_DIRECTIONS FOR THIS TASK:_
In the copy you make, keep each entry exactly as it is and leave out all images.

_EXTRACTED MATERIAL:_

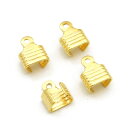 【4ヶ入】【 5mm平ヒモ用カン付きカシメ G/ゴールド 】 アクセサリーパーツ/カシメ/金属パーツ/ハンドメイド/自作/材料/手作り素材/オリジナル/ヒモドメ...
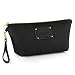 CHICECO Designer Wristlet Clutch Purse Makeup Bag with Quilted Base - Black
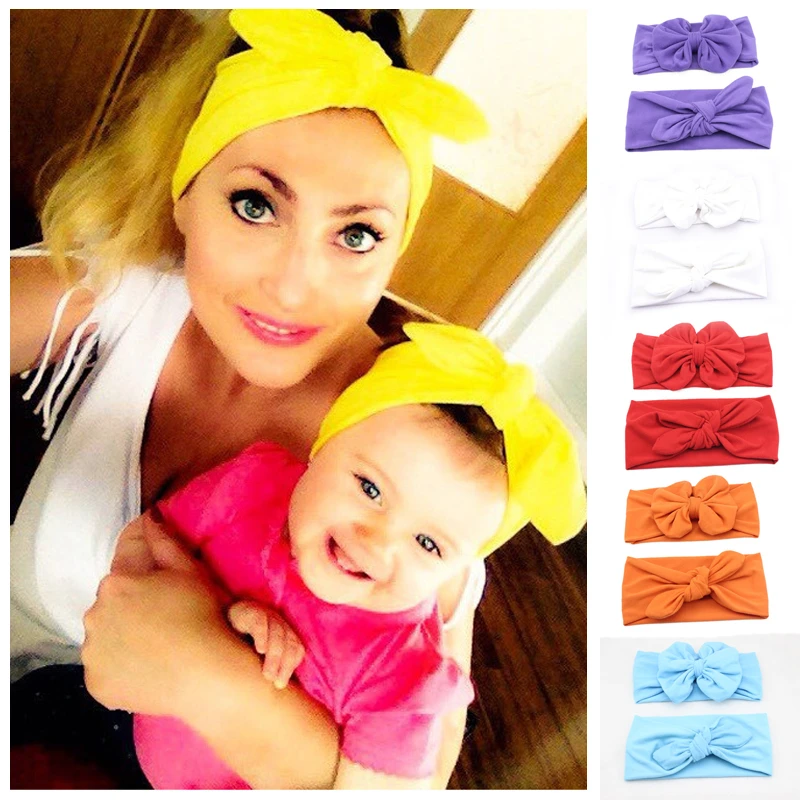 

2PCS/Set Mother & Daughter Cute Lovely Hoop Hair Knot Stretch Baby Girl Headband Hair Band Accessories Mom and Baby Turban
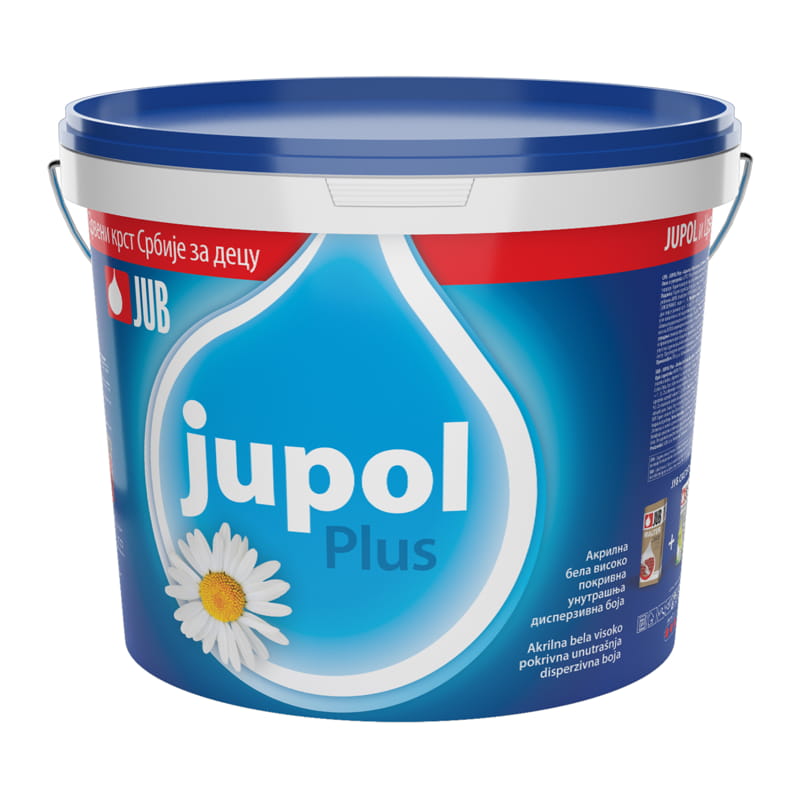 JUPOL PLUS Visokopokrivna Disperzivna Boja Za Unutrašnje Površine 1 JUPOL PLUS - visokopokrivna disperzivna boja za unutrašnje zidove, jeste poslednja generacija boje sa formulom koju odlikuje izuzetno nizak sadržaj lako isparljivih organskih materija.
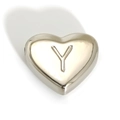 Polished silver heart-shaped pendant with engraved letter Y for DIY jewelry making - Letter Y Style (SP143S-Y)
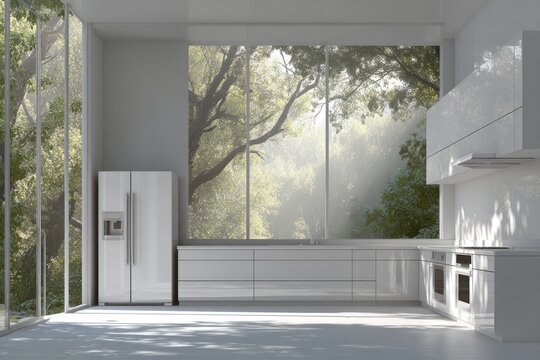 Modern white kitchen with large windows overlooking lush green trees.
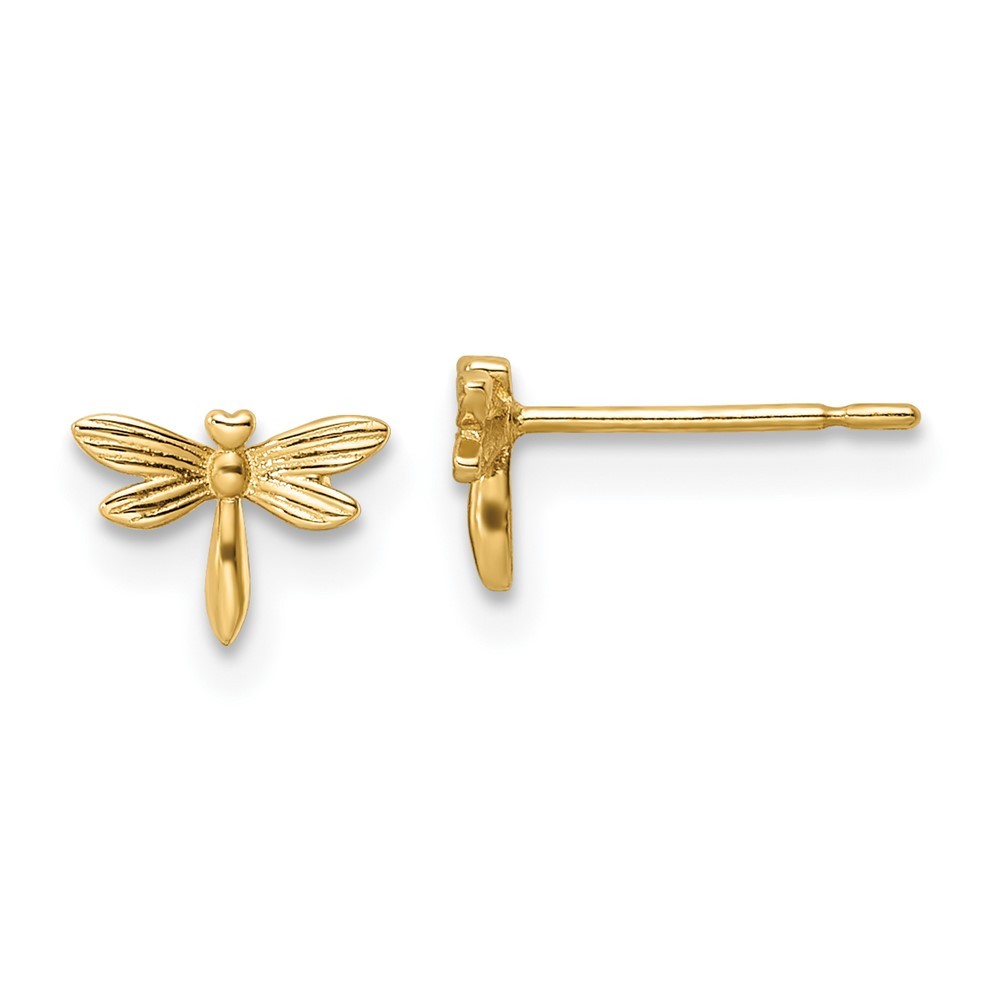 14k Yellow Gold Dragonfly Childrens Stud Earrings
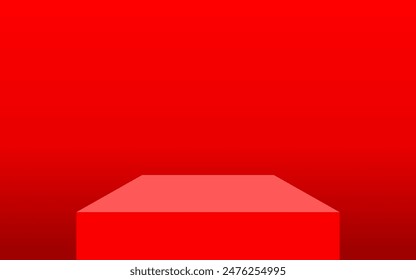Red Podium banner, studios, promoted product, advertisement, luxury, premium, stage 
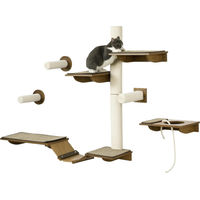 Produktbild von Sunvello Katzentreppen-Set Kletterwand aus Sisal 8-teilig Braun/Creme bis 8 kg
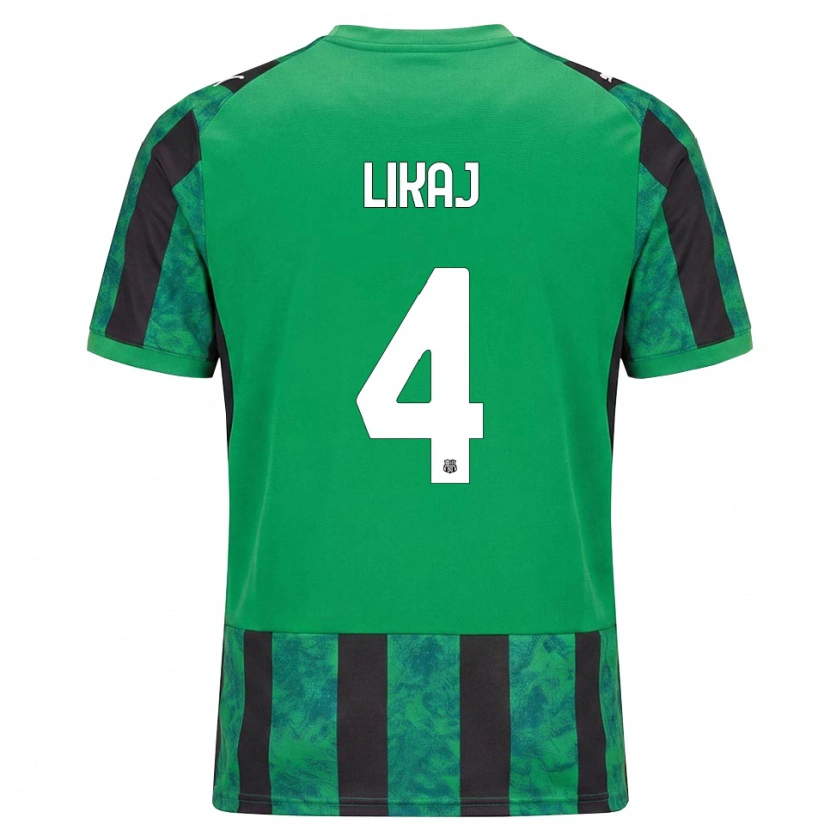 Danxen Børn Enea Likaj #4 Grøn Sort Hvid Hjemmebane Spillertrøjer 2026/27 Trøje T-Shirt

_RESPONSE TO THE TASK:_
 【4ヶ入】【 5mm平ヒモ用カン付きカシメ G/ゴールド 】 アクセサリーパーツ/カシメ/金属パーツ/ハンドメイド/自作/材料/手作り素材/オリジナル/ヒモドメ...
 CHICECO Designer Wristlet Clutch Purse Makeup Bag with Quilted Base - Black

2PCS/Set Mother & Daughter Cute Lovely Hoop Hair Knot Stretch Baby Girl Headband Hair Band Accessories Mom and Baby Turban
 JUPOL PLUS Visokopokrivna Disperzivna Boja Za Unutrašnje Površine 1 JUPOL PLUS - visokopokrivna disperzivna boja za unutrašnje zidove, jeste poslednja generacija boje sa formulom koju odlikuje izuzetno nizak sadržaj lako isparljivih organskih materija.
 Polished silver heart-shaped pendant with engraved letter Y for DIY jewelry making - Letter Y Style (SP143S-Y)
 Modern white kitchen with large windows overlooking lush green trees.
 14k Yellow Gold Dragonfly Childrens Stud Earrings
Red Podium banner, studios, promoted product, advertisement, luxury, premium, stage 
 Produktbild von Sunvello Katzentreppen-Set Kletterwand aus Sisal 8-teilig Braun/Creme bis 8 kg
 Danxen Børn Enea Likaj #4 Grøn Sort Hvid Hjemmebane Spillertrøjer 2026/27 Trøje T-Shirt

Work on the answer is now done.